2.8. Third Party Beneficiaries. This Agreement is intended for the benefit of the parties hereto and their respective permitted successors and assigns, and is not for the benefit of, nor may any provision hereof be enforced by, any other person.

 

2.9. Survival. The representations and warranties of the Company and the agreements and covenants set forth in this Agreement shall survive the Closing hereunder notwithstanding any due diligence investigation conducted by or on behalf of the Buyer.
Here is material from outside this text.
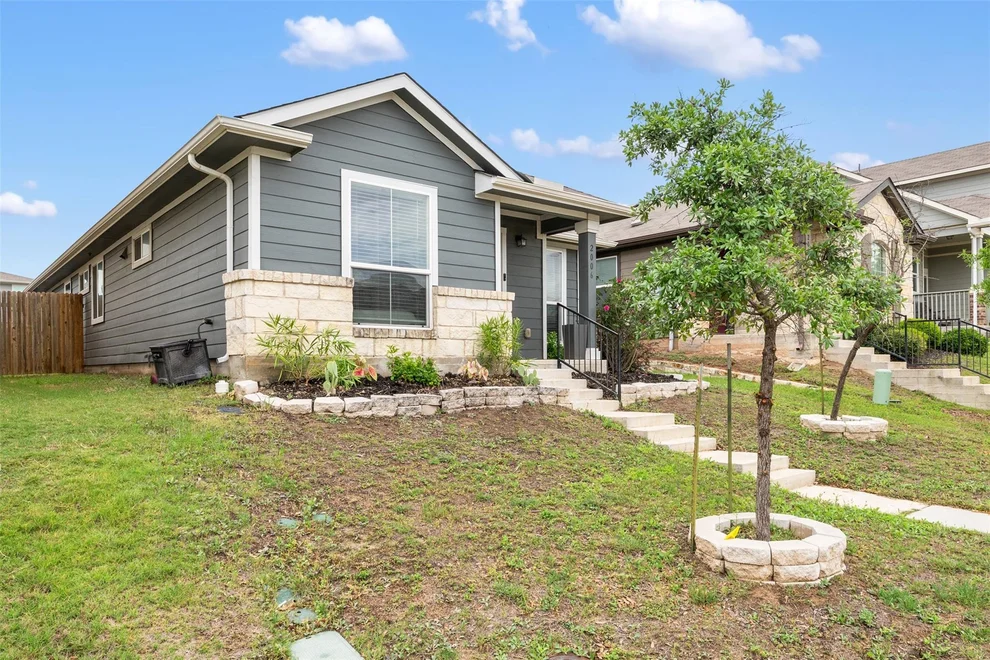 Unit for sale at 2006 Arborside DR, Austin, TX 78754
The Company agrees to indemnify and hold harmless the Buyer and all its officers, directors, employees, attorneys, and agents for loss or damage arising as a result of or related to any breach or alleged breach by the Company of any of its representations, warranties and covenants set forth in this Agreement or any of its covenants and obligations under this Agreement, including advancement of expenses as they are incurred.

 

2.10. No Strict Construction. The language used in this Agreement will be deemed to be the language chosen by the parties to express their mutual intent, and no rules of strict construction will be applied against any party.

 

2.11. Remedies. The Company acknowledges that a breach by it of its obligations hereunder will cause irreparable harm to the Buyer by vitiating the intent and purpose of the transaction contemplated hereby. Accordingly, the Company acknowledges that the remedy at law for a breach of its obligations under this Agreement will be inadequate and agrees, in the event of a breach or threatened breach by the Company of the provisions of this Agreement, that the Buyer shall be entitled, in addition to all other available remedies at law or in equity, and in addition to the penalties assessable herein, to an injunction or injunctions restraining, preventing or curing any breach of this Agreement and to enforce specifically the terms and provisions hereof, without the necessity of showing economic loss and without any bond or other security being required.

  

2.12. Buyer’s Rights and Remedies Cumulative. All rights, remedies, and powers conferred in this Agreement and the exhibits hereto on the Buyer are cumulative and not exclusive of any other rights or remedies, and shall be in addition to every other right, power, and remedy that the Buyer may have, whether specifically granted in this Agreement or any other exhibits hereto, or existing at law, in equity, or by statute; and any and all such rights and remedies may be exercised from time to time and as often and in such order as the Buyer may deem expedient.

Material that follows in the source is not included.